From Reverence to Rape

1974, 1975 Penguin edition
Molly Haskell
From Reverence to Rape: The Treatment of Women in the Movies
Original and purchase price both $4.50
Worn paperback with split spine
C+

At times, reading this was like if a slightly more coherent Germaine Greer had become a film buff.  Although like Rosen, Haskell divides the films into decades, she not only digresses from this approach twice rather than once (for "The Woman's Film" and "The Europeans"), she more than Haskell drifts out of the decade she's supposed to be discussing.  (The part on Hitchcock was all over the place.)  Not only is she unfocused, but she contradicts herself.  "Labels are bad.  The actresses of the time were men's women or women's women, except for those who were both."

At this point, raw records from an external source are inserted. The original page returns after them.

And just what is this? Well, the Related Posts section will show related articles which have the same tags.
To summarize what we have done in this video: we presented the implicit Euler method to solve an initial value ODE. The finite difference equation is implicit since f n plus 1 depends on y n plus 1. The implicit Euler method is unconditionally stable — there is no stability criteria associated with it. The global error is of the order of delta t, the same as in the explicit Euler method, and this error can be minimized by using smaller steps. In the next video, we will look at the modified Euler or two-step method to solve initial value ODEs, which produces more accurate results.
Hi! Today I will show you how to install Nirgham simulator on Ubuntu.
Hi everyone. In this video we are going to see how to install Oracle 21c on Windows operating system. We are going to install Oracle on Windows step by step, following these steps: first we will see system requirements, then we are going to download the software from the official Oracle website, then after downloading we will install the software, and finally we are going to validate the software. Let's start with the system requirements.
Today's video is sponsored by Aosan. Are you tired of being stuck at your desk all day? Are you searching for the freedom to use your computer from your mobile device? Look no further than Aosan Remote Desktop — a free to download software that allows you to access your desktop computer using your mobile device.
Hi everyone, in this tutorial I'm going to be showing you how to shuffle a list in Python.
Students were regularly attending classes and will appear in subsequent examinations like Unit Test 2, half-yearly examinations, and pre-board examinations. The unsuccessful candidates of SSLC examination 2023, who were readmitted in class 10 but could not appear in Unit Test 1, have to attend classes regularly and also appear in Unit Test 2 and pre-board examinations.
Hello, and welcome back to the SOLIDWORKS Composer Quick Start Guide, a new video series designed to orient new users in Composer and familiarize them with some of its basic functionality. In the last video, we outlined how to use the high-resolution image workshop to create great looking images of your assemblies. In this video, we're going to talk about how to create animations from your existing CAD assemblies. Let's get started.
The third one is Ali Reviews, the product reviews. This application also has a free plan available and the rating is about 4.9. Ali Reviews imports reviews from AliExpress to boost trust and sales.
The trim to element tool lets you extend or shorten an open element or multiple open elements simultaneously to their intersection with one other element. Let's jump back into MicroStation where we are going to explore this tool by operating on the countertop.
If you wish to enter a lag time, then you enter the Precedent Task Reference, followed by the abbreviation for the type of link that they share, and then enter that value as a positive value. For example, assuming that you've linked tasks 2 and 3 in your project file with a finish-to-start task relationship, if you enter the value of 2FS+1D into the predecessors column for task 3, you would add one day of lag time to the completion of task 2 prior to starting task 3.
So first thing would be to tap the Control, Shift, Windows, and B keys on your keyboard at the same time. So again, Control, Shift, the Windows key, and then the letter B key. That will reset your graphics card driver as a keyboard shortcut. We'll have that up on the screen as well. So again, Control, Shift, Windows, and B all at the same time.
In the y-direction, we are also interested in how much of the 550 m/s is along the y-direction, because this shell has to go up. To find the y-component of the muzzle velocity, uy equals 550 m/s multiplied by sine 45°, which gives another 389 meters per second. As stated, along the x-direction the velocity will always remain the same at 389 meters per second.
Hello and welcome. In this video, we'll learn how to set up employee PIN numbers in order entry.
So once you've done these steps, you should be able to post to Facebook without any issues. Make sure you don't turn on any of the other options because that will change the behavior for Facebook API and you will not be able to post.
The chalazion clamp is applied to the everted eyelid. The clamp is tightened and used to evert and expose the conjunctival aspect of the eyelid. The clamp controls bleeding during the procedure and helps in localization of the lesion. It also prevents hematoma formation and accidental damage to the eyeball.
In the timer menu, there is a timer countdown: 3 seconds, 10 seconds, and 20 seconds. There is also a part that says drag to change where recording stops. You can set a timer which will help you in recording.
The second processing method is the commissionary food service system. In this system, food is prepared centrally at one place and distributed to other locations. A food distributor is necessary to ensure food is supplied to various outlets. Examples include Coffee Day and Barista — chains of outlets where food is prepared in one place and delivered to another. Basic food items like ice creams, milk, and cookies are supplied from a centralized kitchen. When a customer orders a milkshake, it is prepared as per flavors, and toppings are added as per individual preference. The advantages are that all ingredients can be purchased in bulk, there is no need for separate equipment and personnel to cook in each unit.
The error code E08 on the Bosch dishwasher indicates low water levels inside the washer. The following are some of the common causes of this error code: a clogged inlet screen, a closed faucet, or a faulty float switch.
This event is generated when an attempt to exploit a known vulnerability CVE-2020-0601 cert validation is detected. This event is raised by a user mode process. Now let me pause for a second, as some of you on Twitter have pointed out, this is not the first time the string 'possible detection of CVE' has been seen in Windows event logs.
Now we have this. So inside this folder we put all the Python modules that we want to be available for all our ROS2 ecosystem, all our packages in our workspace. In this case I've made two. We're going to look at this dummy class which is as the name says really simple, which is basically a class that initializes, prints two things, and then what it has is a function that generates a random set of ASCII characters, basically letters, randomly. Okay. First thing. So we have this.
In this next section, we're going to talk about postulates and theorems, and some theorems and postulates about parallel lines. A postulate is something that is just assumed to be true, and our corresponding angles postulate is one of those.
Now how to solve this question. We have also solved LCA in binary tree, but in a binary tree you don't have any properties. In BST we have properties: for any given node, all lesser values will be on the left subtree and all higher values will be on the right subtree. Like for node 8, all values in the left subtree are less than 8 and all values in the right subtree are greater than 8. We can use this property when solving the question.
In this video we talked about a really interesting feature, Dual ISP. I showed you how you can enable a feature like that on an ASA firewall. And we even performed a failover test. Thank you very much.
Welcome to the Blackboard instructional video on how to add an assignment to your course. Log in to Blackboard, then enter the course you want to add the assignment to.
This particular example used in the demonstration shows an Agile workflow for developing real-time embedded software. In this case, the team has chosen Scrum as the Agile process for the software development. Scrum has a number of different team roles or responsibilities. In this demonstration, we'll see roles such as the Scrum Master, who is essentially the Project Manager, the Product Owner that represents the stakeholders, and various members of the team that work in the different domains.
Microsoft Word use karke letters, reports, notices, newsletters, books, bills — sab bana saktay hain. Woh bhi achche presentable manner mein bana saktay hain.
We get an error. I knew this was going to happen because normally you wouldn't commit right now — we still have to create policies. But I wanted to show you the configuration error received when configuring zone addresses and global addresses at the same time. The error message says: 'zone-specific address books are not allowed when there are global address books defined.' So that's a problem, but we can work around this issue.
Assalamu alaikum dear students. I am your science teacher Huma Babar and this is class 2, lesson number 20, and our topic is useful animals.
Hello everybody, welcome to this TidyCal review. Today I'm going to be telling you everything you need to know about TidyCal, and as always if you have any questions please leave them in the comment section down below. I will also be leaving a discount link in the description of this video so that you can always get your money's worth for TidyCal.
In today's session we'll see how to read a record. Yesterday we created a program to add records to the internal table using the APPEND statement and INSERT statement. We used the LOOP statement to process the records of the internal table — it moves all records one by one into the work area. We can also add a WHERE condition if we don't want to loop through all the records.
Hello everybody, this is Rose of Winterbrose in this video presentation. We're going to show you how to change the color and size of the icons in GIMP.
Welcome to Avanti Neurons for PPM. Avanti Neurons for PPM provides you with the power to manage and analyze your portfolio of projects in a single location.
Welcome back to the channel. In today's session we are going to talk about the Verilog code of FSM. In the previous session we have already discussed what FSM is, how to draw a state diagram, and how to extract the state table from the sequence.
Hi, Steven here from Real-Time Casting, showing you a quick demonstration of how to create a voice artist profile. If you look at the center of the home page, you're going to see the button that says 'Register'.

On the plus side, she was less homophobic than I remembered, although she does seem to see male-male friendships (which she calls "homophile") as more immature than heterosexual romance.  Also, when she does zero in on something, like the positive effect that sound films had on women's treatment, or someone, like Rosalind Russell or Doris Day, she's as good as or better than Rosen.  I'd recommend reading the two books in sync, like pairing their sections on the '30s, which is how I used to read them, and I got more out of it, comparing and contrasting their thoughts on specific films and stars.  Also, Rosen lists too many dates of films and Haskell not enough, so the books complement each other that way, too.

Haskell revised this book in 1987, but I've only read this edition.  I'm guessing that since she didn't change the title, she didn't feel that the movies of the later '70s to the mid '80s were any kind of improvement.  (Susan Faludi would partially disagree.)